For signers, there were clear trends more parents named baby as ‘Adele’ or ‘Avril’ when Adele and Avril Lavigne gained popularity. However, similar association was not found under the name ‘Taylor’ (might be because ‘Taylor’ is a relatively more common name than ‘Adele’ or ‘Avril’ ?).
Little princess Charlotte gained a small jump in Google hits when she was born in 2015, but no significant influence was observed in parent naming preferences. The name ‘Elsa’, however is a legend! This name remains in a low popularity until 2014 where Disney movie: Frozen was released (Disney’s princesses has a stronger power than real princesses?). No obvious association can be observed from the name ‘Belle’ (Emma Watson’s version of Belle from the movie Beauty and the Beast).

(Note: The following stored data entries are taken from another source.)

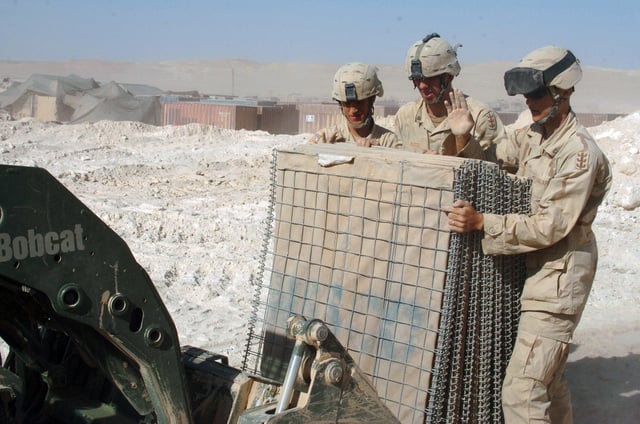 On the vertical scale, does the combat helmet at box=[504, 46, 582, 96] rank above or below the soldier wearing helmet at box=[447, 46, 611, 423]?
above

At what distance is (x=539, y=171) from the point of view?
13.0 ft

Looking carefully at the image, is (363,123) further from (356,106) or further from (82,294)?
(82,294)

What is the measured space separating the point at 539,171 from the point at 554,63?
54cm

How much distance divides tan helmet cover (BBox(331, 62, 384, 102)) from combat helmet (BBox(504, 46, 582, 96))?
136 cm

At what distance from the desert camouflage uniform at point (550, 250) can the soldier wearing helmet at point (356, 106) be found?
57.2 inches

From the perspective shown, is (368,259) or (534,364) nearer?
(534,364)

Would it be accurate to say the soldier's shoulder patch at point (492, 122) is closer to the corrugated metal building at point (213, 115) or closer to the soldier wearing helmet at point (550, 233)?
the soldier wearing helmet at point (550, 233)

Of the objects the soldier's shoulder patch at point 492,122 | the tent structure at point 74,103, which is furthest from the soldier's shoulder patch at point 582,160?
the tent structure at point 74,103

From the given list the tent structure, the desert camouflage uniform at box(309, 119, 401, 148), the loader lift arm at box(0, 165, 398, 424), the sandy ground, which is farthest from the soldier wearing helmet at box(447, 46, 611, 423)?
the tent structure

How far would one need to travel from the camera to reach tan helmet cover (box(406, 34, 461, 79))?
4.73 metres

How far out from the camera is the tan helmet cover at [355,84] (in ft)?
16.9

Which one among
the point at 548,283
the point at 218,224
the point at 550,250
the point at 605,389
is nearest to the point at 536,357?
the point at 548,283

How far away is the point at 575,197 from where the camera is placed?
3.72m

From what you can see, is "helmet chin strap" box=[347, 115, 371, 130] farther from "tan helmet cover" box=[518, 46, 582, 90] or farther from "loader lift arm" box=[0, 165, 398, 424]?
"loader lift arm" box=[0, 165, 398, 424] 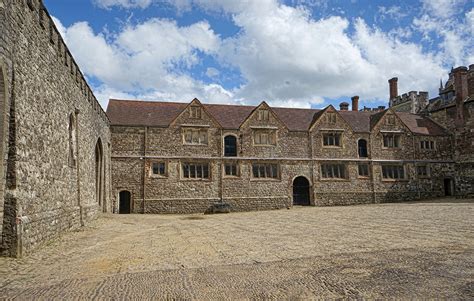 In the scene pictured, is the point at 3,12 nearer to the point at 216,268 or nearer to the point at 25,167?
the point at 25,167

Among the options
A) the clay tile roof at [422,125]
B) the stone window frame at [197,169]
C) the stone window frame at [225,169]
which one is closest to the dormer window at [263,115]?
the stone window frame at [225,169]

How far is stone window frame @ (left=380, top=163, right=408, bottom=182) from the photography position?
104ft

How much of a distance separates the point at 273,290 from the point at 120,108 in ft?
86.8

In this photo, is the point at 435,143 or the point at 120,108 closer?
the point at 120,108

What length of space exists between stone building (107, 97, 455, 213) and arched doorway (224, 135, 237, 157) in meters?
0.08

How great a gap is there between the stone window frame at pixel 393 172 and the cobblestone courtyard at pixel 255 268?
69.6ft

The name ‘Gwyneth’ gained both popularity and count increase under SSA when the Iron Man movie series released. Katniss and Rey were two typical names that influenced parent’s choices. Prior to the release of the Hunger Games film and the Start Wars: Force Awaken, both names were extremely rare. Once the films were released both names have had huge jumps in popularity!
Finally, I created an animated graph which can give a better visualisation of the changes.
library(gganimate)
p2 <- p1 +
transition_reveal(year)
p2
Popularity of Hollywood celebrities can influence parents’ preferences in choosing baby names. The degree of influences, however can be varied.